> [Your instructions]:
Once you reach the line containing "быть крайне осторожным" in the data below, restate each line word for word up to and including the one containing "Los Angeles Unified".

> [Entries provided]:

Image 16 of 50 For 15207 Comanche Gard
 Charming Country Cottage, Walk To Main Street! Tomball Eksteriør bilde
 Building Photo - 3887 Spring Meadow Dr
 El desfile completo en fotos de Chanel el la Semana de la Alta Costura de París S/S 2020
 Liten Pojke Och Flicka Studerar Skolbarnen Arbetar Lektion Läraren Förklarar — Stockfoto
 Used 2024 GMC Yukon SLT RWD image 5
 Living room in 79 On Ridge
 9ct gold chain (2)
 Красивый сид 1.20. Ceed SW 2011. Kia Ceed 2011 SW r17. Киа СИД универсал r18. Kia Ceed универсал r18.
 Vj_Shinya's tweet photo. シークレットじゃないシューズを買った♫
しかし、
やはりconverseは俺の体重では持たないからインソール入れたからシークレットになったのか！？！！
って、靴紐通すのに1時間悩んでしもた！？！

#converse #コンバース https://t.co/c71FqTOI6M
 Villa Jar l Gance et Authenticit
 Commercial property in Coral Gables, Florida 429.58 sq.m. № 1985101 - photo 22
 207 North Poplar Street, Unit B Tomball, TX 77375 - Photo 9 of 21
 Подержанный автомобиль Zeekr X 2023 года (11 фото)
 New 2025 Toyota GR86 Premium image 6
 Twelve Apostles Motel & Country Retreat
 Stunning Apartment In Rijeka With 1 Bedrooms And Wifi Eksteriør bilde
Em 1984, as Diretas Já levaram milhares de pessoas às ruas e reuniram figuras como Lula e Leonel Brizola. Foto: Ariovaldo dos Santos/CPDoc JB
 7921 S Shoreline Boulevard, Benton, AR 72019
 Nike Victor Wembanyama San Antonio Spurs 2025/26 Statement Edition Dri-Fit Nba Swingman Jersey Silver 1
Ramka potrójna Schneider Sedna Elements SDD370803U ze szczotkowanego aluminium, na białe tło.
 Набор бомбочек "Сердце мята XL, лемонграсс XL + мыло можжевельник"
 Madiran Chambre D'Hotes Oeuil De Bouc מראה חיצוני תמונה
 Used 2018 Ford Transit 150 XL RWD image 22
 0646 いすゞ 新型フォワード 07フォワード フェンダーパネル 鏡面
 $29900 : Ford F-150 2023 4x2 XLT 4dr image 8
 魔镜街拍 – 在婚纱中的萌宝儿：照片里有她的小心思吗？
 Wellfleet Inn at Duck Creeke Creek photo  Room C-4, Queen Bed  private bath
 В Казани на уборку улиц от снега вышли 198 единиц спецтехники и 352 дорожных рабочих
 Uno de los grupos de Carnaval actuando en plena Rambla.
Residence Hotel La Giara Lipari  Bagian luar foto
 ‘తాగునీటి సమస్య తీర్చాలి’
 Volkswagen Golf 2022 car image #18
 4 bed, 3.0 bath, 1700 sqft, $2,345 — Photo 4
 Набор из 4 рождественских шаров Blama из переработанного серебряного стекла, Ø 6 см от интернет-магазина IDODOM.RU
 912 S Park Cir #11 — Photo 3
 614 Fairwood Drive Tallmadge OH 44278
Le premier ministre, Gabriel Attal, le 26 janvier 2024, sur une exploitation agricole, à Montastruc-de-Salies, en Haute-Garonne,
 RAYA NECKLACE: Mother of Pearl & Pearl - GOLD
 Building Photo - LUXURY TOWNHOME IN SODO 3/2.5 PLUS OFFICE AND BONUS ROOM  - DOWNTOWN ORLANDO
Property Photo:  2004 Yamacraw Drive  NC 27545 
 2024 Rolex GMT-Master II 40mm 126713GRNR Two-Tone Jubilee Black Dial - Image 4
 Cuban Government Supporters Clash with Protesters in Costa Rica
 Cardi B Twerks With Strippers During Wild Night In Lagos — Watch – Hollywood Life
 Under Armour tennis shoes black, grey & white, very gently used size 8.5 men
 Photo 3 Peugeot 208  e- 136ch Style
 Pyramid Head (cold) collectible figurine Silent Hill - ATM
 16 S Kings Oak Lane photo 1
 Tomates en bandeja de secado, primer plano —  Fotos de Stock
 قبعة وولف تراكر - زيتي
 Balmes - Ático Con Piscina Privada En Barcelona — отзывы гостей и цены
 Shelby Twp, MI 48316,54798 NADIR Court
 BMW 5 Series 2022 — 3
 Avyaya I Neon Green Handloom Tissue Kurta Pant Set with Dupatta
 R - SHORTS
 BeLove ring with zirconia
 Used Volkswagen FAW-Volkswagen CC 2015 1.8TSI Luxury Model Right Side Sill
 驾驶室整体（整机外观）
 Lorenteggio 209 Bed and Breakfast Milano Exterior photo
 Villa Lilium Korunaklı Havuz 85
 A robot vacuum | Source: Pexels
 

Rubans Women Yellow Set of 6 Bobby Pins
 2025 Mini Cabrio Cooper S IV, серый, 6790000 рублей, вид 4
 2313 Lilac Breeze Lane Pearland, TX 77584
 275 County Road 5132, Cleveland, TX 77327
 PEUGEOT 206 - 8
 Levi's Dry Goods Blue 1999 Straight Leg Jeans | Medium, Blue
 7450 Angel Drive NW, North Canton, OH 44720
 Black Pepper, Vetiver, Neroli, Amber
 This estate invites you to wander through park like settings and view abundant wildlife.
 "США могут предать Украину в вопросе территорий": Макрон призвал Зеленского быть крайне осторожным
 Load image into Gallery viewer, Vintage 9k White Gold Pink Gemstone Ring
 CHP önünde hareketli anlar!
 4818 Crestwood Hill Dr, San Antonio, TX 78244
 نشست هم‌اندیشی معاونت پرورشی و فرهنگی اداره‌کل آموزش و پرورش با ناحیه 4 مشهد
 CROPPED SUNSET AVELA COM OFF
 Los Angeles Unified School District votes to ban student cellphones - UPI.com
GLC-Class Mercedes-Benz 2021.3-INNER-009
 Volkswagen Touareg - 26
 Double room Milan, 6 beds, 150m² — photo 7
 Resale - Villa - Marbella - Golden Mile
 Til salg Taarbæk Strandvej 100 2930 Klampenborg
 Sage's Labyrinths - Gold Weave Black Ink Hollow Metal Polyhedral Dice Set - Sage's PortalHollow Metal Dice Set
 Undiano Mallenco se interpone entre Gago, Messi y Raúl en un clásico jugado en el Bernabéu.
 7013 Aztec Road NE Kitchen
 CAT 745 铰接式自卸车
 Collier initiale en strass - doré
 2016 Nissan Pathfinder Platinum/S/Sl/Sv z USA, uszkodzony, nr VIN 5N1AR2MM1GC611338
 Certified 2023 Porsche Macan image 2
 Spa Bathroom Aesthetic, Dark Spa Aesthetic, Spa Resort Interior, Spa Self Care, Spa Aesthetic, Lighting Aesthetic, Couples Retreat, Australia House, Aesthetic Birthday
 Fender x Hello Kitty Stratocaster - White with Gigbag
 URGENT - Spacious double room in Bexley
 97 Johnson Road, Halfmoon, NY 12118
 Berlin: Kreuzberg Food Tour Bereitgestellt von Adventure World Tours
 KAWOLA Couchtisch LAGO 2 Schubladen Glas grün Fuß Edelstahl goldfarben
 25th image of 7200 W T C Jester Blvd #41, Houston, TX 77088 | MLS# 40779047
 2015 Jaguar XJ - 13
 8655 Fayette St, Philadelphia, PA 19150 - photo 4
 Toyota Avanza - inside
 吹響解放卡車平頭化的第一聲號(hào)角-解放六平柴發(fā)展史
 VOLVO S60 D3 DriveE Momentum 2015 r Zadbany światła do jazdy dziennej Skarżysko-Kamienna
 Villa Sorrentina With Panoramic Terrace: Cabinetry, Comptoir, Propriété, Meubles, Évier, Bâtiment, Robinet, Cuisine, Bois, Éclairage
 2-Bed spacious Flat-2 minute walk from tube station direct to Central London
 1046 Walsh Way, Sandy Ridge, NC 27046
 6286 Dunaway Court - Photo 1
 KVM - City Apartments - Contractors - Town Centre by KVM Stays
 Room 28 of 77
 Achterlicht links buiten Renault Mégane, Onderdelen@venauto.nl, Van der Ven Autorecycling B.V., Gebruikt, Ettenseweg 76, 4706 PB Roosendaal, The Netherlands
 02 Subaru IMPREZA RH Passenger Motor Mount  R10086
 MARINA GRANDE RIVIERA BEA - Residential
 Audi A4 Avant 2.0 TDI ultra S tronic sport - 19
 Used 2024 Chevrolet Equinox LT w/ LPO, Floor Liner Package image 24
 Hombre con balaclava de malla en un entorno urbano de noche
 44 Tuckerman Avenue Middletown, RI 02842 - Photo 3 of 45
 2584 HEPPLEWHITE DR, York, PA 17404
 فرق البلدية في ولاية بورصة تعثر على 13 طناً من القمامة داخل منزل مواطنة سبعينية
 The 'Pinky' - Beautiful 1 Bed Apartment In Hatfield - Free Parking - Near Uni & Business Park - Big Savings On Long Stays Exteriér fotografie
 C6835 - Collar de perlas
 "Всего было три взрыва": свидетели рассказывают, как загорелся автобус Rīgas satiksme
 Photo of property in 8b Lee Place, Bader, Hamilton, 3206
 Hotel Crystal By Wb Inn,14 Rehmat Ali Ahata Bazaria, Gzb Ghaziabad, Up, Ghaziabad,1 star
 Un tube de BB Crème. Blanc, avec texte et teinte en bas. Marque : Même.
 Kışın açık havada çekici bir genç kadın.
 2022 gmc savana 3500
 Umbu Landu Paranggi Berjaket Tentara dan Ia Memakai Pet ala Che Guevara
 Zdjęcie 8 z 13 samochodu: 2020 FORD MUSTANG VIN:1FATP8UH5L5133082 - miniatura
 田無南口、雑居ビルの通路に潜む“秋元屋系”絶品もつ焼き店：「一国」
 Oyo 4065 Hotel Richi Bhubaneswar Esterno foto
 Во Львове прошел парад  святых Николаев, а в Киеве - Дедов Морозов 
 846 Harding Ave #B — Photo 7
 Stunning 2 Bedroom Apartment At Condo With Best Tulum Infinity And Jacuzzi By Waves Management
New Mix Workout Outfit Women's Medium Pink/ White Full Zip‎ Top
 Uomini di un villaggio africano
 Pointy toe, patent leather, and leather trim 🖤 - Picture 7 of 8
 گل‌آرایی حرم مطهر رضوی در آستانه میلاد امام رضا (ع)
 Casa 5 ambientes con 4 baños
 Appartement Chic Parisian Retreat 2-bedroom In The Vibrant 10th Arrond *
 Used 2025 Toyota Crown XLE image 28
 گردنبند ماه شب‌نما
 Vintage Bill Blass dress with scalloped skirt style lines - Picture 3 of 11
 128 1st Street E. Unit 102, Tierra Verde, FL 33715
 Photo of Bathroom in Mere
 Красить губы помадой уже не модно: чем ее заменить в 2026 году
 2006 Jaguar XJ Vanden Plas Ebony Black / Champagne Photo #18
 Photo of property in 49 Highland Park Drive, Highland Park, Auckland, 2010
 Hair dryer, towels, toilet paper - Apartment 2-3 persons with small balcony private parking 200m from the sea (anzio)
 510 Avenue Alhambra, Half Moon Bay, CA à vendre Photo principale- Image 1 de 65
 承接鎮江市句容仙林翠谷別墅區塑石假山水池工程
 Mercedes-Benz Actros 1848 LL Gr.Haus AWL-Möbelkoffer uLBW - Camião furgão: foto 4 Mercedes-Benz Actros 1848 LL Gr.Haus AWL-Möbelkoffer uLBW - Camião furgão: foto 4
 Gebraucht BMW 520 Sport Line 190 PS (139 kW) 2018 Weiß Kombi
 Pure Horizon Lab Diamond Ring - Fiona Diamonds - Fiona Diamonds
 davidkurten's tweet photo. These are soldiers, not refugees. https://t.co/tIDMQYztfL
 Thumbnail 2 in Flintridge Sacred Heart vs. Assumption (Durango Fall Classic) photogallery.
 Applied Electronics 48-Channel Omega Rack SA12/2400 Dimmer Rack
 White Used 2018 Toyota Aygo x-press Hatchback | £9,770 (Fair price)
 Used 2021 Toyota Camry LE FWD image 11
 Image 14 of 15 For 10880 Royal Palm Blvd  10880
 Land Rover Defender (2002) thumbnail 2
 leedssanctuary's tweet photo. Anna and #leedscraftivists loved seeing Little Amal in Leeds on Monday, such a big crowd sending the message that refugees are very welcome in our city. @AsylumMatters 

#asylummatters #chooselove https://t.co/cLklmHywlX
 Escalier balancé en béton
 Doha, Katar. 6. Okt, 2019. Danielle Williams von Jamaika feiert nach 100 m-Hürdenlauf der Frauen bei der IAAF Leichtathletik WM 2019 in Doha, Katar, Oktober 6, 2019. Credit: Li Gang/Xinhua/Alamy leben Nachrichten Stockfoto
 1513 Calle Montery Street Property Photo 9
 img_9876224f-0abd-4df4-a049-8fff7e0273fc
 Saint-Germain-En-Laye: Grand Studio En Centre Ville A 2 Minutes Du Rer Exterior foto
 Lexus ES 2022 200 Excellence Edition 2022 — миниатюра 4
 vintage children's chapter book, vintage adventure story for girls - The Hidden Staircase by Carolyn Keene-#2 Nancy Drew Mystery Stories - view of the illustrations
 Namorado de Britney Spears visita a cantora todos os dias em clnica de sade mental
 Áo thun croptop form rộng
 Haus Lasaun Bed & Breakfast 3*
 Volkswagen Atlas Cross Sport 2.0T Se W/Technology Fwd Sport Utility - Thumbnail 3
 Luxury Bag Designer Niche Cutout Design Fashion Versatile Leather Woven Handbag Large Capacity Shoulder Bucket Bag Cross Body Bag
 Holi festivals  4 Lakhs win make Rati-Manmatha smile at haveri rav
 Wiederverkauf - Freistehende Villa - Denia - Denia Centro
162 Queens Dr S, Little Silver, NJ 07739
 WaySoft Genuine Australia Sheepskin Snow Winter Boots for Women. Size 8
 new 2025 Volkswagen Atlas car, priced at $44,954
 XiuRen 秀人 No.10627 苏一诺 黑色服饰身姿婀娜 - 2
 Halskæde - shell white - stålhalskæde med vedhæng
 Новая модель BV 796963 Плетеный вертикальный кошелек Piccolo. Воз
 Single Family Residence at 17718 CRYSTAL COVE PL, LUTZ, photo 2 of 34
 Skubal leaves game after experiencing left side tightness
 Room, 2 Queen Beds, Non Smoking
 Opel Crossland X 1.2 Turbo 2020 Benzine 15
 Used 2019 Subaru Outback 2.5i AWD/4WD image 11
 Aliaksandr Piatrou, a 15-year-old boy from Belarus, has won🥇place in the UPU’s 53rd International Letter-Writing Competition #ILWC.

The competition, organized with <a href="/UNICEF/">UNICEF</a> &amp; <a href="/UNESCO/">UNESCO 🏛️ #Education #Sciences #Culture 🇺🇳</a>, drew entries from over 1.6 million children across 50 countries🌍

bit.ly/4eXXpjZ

> [Result of the exercise]:
 "США могут предать Украину в вопросе территорий": Макрон призвал Зеленского быть крайне осторожным
 Load image into Gallery viewer, Vintage 9k White Gold Pink Gemstone Ring
 CHP önünde hareketli anlar!
 4818 Crestwood Hill Dr, San Antonio, TX 78244
 نشست هم‌اندیشی معاونت پرورشی و فرهنگی اداره‌کل آموزش و پرورش با ناحیه 4 مشهد
 CROPPED SUNSET AVELA COM OFF
 Los Angeles Unified School District votes to ban student cellphones - UPI.com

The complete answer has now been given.